Underlying the backlash against Big Tech has been the sense that we are all becoming proletarianized users. In the 1970s and 1980s, we were annoyed when commercial channels ambushed us with advertisements seconds before the end of a cliff-hanger movie or basketball match. Now, we can no longer even recognize the tricks used in real time to hold and sell our attention. Alienated from a market trading in us, we have become cogs in a production process that excludes us as anything but its product.
Data protection and privacy regulations are meant to return to us some of our lost autonomy regarding what we see, what guides our choices, and who knows what we choose. But regulating Big Tech to protect our data and restore “consumer sovereignty” is not enough. Against a background of automation and labor casualization, these firms’ monopoly profits boost inequality, fuel discontent, undermine aggregate demand for goods and services, and further destabilize capitalism.
The problem is that traditional government interventions are an exercise in futility: Taxing free services is pointless. Taxing robots, to fund humans, is as impossible as it is to define them. And while taxing Big Tech’s profits is essential, these firms’ skilled accountants and abundant opportunities to shift profits to different jurisdictions makes this difficult.
A simple solution exists, if we look beyond taxation. But it requires accepting that capital is no longer privately produced, as least not in the case of Google et al.
When James Watt built one of his famed steam engines, it was his creation, his product. A buyer who put the engine to work in, say, a textile factory could think of his profit stream as a just reward for having taken the risk of purchasing the machine and for the innovation of coupling it to a spinning jenny or a mechanical loom.

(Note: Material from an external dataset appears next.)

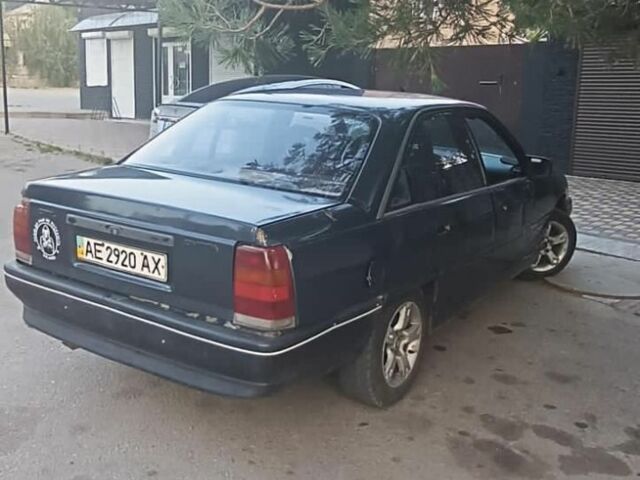 Серый Опель Омега, объемом двигателя 2 л и пробегом 320 тыс. км за 277 $, фото 1 на Automoto.ua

By contrast, Google cannot credibly argue that the capital generating its profit stream was produced entirely privately. Every time you use Google’s search engine to look up a phrase, concept, or product, or visit a place via Google Maps, you enrich Google’s capital. While the servers and software design, for example, have been produced capitalistically, a large part of Google’s capital is produced by almost everyone. Every user, in principle, has a legitimate claim to being a de facto shareholder.
Of course, while a substantial part of Big Tech’s capital is produced by the public, there is no sensible way to compute personal contributions, which makes it impossible to calculate what our individual shares ought to be. But this impossibility can be turned into a virtue, by creating a public trust fund to which companies like Google transfer a percentage – say, 10% – of their shares. Suddenly, every child has a trust fund, with the accumulating dividends providing a universal basic income (UBI) that grows in proportion to automation and in a manner that limits inequality and stabilizes the macro-economy.
This attractive solution must overcome two obstacles. First, we tend to think of taxation as a panacea. But a UBI funded via taxation is sure to trigger a backlash among struggling working people who cannot see the logic of subsidizing the idle, rich or poor. Second, corporate shares are typically given to employees only.
To be sure, there are excellent reasons for taxing profits in order to fund benefits for the poor, and for worker-ownership schemes. But these are separate issues from the one at hand: how to stabilize society by granting property rights over Google’s capital to everyone who helped create it, including unwaged carers, the precariously employed, and society’s dropouts.
And then, as one would expect, there is the motivated fallacy peddled by the defenders of the status quo. The Financial Times’ Alphaville column recently dismissed the case for transferring a block of shares from Big Tech corporations, like Google, to a public trust fund by misrepresenting the underlying argument as a failure to appreciate what Google has done for us. To repudiate society’s property rights over the returns to capital that we, as users, have created, Big Tech’s defenders invoke users’ large consumer surplus (the sum we would be prepared to pay for access to free services such as Gmail and Google Maps).
This is a little like justifying the confiscation of your shares in a company with the argument that the company is providing valuable services to you and others. In using Big Tech’s services, we manufacture a portion of its capital in real time. Property rights over that portion – for all of us, rather than for any of us – must follow.